TASK TO CARRY OUT: Report every line from the following entries that contains the string "Bracelet".

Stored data

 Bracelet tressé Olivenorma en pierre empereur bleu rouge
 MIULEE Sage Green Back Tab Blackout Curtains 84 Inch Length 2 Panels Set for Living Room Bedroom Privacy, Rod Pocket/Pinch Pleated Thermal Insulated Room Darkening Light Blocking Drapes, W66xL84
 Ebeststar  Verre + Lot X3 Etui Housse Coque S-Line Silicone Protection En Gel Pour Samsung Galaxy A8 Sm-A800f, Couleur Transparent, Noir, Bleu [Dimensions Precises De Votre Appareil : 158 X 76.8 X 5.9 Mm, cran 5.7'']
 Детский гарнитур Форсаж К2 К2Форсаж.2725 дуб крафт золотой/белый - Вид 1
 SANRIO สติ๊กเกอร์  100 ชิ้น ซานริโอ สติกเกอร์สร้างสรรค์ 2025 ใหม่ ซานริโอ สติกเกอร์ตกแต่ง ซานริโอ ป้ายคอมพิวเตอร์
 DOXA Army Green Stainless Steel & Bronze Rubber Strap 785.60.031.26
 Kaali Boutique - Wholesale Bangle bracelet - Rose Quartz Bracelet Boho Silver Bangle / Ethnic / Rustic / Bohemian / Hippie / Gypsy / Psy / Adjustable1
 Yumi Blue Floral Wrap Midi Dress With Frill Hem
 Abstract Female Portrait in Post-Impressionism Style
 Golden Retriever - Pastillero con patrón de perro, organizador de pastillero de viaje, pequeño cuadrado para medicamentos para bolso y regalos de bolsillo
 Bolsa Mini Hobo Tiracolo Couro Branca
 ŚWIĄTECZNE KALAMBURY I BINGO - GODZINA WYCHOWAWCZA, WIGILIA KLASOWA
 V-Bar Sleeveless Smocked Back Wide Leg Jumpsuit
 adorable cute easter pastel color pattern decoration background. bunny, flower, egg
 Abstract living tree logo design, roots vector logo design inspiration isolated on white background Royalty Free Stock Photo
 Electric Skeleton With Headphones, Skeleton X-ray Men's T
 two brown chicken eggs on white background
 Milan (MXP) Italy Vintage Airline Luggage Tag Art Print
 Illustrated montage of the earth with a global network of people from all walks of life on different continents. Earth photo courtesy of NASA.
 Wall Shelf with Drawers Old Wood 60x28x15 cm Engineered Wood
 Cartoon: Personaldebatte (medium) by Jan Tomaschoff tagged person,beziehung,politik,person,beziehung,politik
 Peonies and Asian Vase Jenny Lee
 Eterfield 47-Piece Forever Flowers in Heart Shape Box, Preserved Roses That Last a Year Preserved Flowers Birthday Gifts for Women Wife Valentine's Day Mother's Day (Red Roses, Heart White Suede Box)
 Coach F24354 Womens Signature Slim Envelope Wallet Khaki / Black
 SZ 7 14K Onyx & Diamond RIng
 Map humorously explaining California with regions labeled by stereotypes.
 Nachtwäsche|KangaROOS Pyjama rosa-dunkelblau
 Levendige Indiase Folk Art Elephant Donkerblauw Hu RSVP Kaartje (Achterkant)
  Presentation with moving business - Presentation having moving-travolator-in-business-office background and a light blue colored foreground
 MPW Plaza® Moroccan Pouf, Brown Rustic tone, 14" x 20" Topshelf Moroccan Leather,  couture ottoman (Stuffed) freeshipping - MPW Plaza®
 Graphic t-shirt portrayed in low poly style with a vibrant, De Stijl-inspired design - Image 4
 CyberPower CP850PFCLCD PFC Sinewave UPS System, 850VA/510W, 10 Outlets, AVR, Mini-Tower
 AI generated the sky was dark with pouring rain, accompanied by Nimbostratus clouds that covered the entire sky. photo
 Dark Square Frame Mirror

SOLUTION FOR THIS TASK:
 Bracelet tressé Olivenorma en pierre empereur bleu rouge
 Kaali Boutique - Wholesale Bangle bracelet - Rose Quartz Bracelet Boho Silver Bangle / Ethnic / Rustic / Bohemian / Hippie / Gypsy / Psy / Adjustable1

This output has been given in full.